Das sind die fünf wichtigsten Erkenntnisse aus den Erläuterungen Birnbaums, seines Finanzchefs Marc Spieker und der nachfolgenden Fragerunde:

1. E.On mahnt: Täuscht Euch nicht! Die Energiekrise ist noch nicht vorbei!

Corona, der Krieg in der Ukraine, das Erdbeben in der Türkei. Birnbaum sagte, er blicke auf ein Jahr zurück, wie er es in seiner beruflichen Laufbahn „noch nicht erlebt“ habe, das Umfeld – auch für E.On – könne „widriger kaum sein“. Und er warnte, dass die derzeit niedrigen Energiepreise nicht darüber hinwegtäuschen sollten, dass die Krise andauere. Die milde Witterung habe dafür gesorgt, dass Europa besser durch den Winter gekommen sei als erwartet. Aber: „Die Krise ist längst nicht vorbei.“ Das Preisniveau für Gas und Strom im Großhandel sei zwar im Vergleich zum vergangenen Sommer gefallen, aber eben nicht im Vergleich zu der Zeit vor der Krise.

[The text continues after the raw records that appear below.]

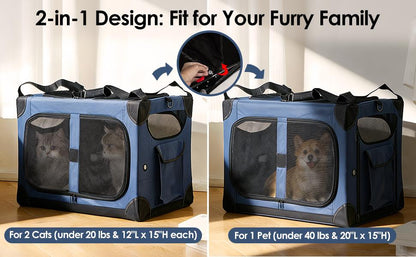 🐱 Extra Large Cat Carrier for 2 Cats – XL Soft-Sided with Divider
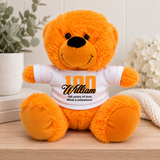 Personalised Orange Bear 23cm – 100th Birthday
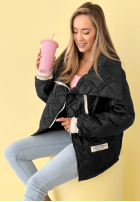 Pikowana Jacke z kołnierzem Where Are We Weiß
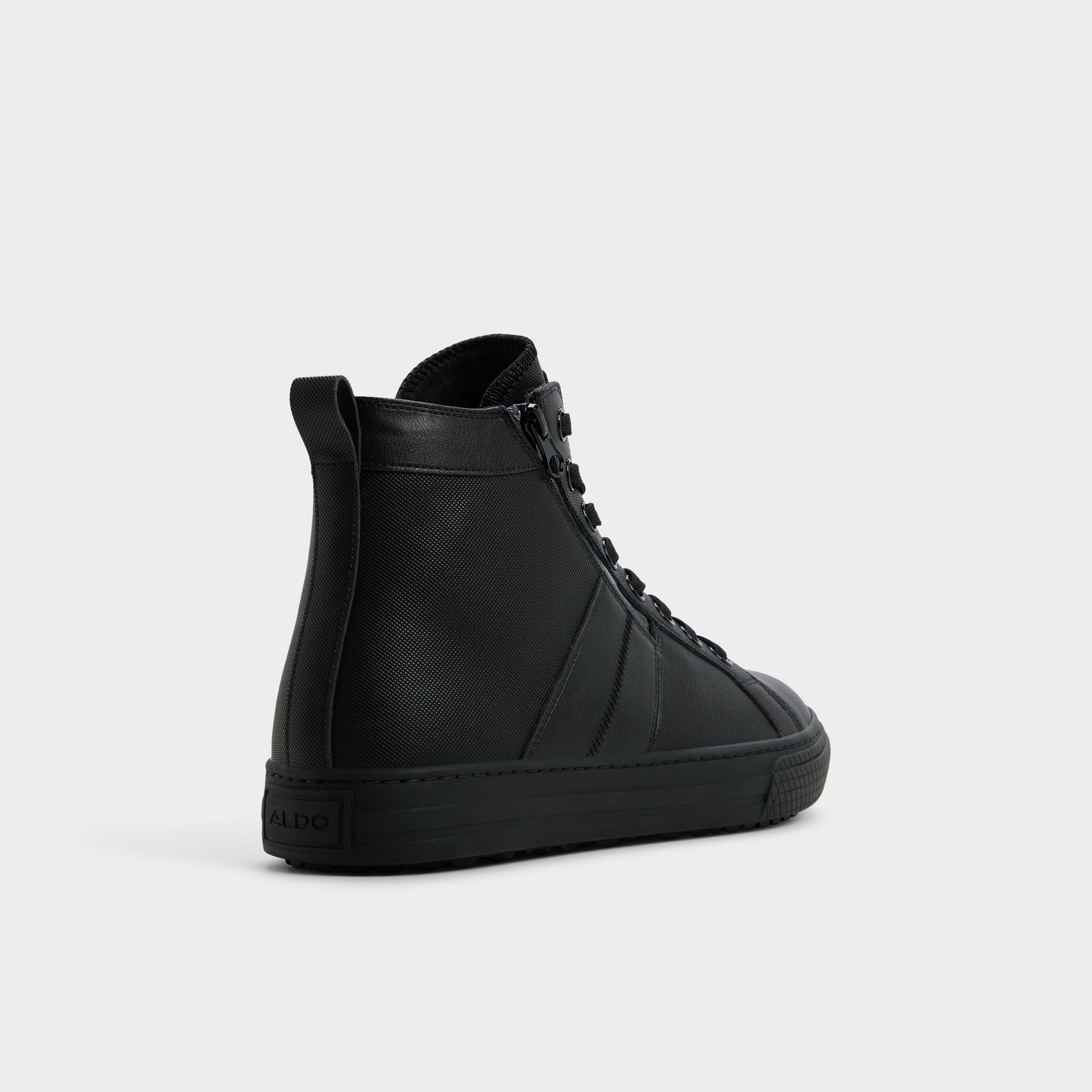 Three-quarter angle of Black Aston Lace-up boot's back side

Ohne digitale Zähler droht der Blackout. E.On und andere Stromkonzerne aber streiten über die Geräte – miteinander, mit der Politik und mit der Autoindustrie. Es geht um die Frage: Wer darf notfalls den Strom abstellen?
von Florian Güßgen, Nele Husmann

Für Verbraucherinnen und Verbraucher kann das vor allem bedeuten: Erstens, dass die hohen Großhandelspreise aus dem vergangenen Jahr, die zum Teil von E.On durch Absicherungsgeschäfte abgefedert wurden, bei manchen Verbrauchern erst noch ankommen. E.On habe 2022 nur 30 Prozent der „zum Teil extremen Preissteigerungen“ weitergegeben, sagte Birnbaum. „Aber das können wir nicht ewig durchhalten.“ Und zweitens bedeutet das, dass der Markt so schwankungsanfällig ist, dass die Preise schnell wieder ansteigen können – etwa durch eine steigende Nachfrage aus China nach LNG, Flüssigerdgas. „Die Märkte sind nervös und können schnell ausschlagen“, sagte Birnbaum.

Der E.On-Chef mag mit dieser Darstellung auch das Ziel verfolgen, mögliche weitere Preiserhöhungen E.Ons in das Szenario einer anhaltenden Krise einzubetten – und Kostensprünge dafür vermeintlich nachvollziehbarer zu machen. Aber es ist bemerkenswert, dass er als einziger der großen Versorger die Rolle des Mahners übernimmt. Er sehe sich als „vorsichtiger Kaufmann“, sagte Birnbaum: „Ich will sicher sein, dass ich etwas im Griff habe, bevor ich den Sieg verkünde.“

2. Birnbaum geißelt die Abschaltung der drei deutschen Kernkraftwerke im April

Am 15. April sollen die drei am Netz verbliebenen deutschen Kernkraftwerke Isar 2 (betrieben von der E.On-Tochter Preussen Elektra), Neckarwestheim (EnBW) und Emsland (RWE) endgültig abgeschaltet werden, nach einer dreieinhalbmonatigen Zugabe, die im vergangenen Herbst per Kanzler-Machtwort verfügt worden ist. Bisher haben sich alle Betreiber dazu sehr vorsichtig geäußert: Man mache, was die Politik wünsche. Punkt.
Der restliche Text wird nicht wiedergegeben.